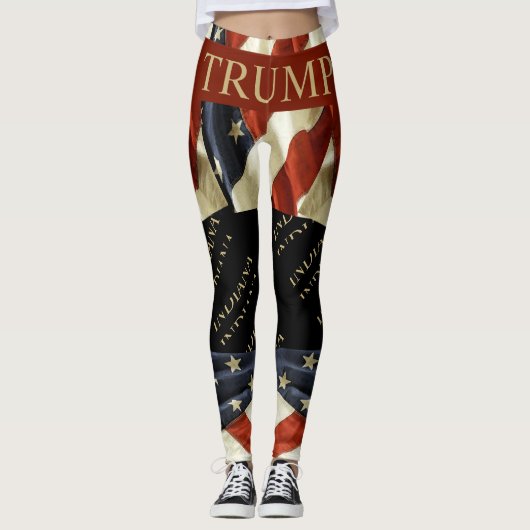 INDIANA  LEGGINGS (Voorkant)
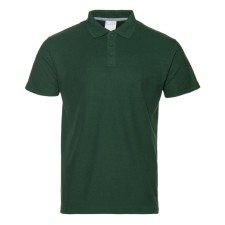Male shirt, size 50, dark green color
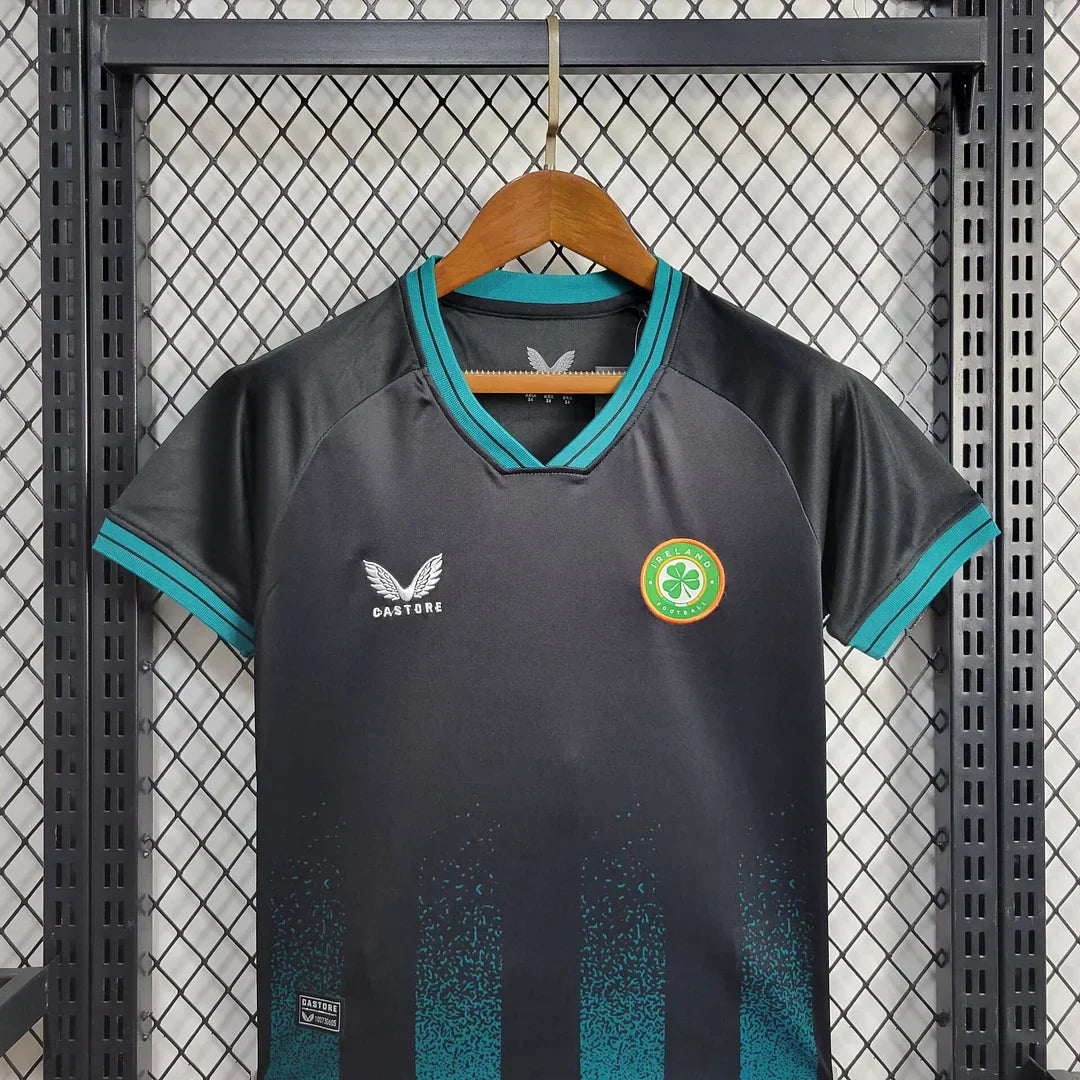 Ireland 2023 Third Away Jersey Kids Size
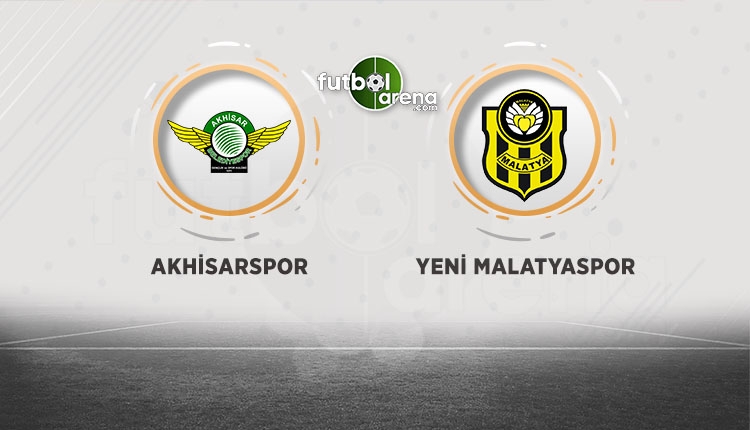 Akhisarspor Yeni Malatyaspor canlı ve şifresiz izle (Akhisarspor - Malatyaspor beIN Sports İZLE)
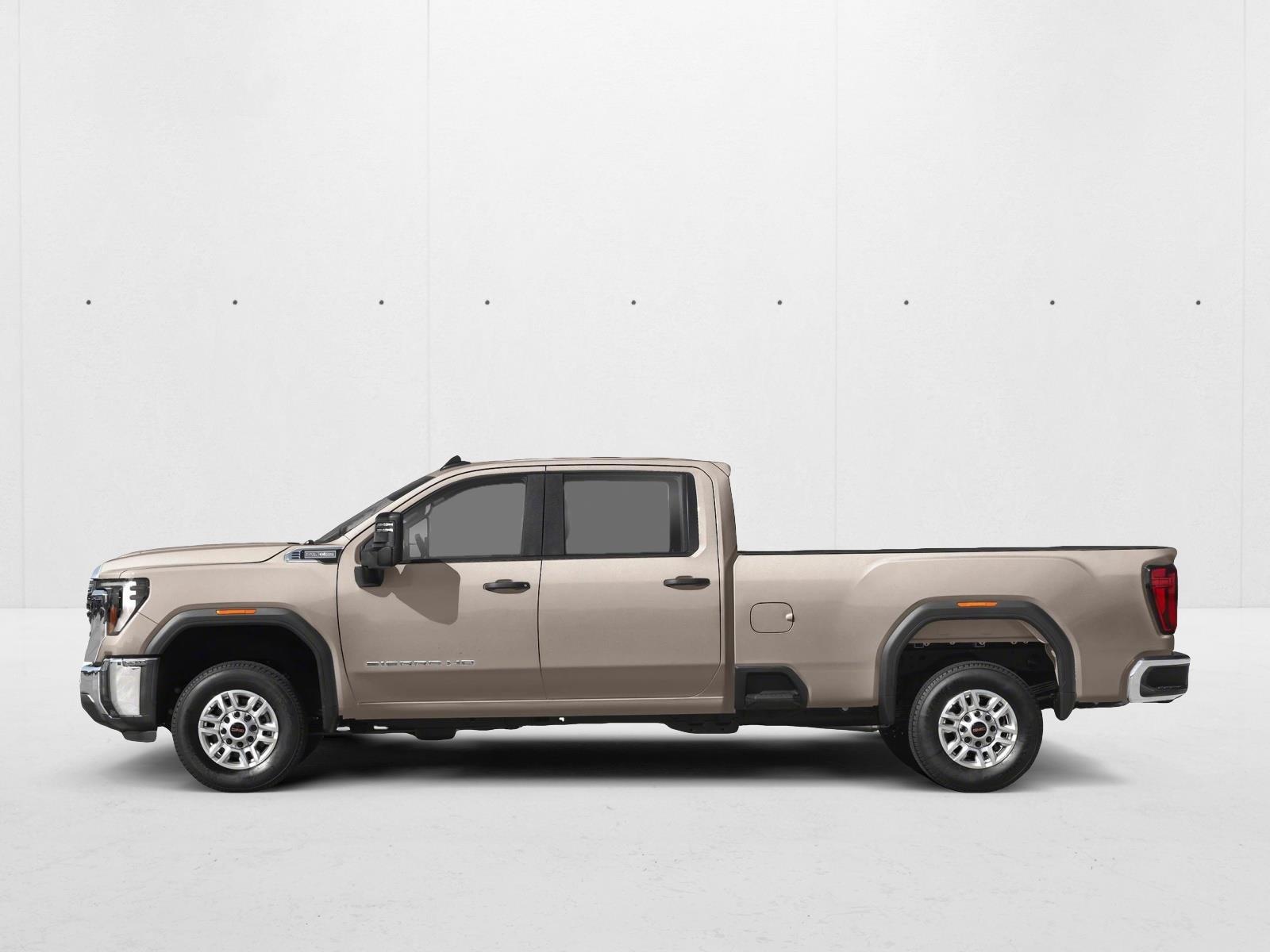 Thumbnail: 2026 GMC Sierra 2500 - 2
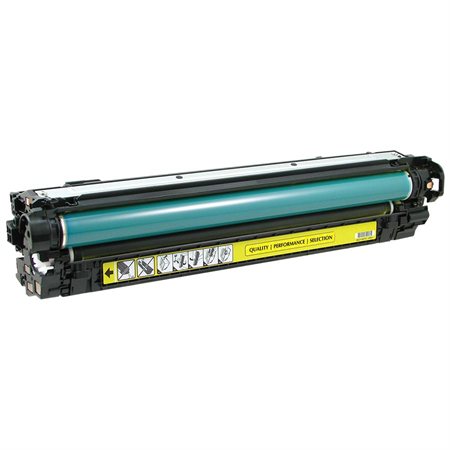 Remanufactured Toner Cartridge (Alternative to HP 650A)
::::
▶ What you need to do: Each record above must be retyped exactly, minus its pictures.

▶ Solution below:
 INDIANA  LEGGINGS (Voorkant)
Male shirt, size 50, dark green color
 Ireland 2023 Third Away Jersey Kids Size
 Akhisarspor Yeni Malatyaspor canlı ve şifresiz izle (Akhisarspor - Malatyaspor beIN Sports İZLE)
 Thumbnail: 2026 GMC Sierra 2500 - 2
 Remanufactured Toner Cartridge (Alternative to HP 650A)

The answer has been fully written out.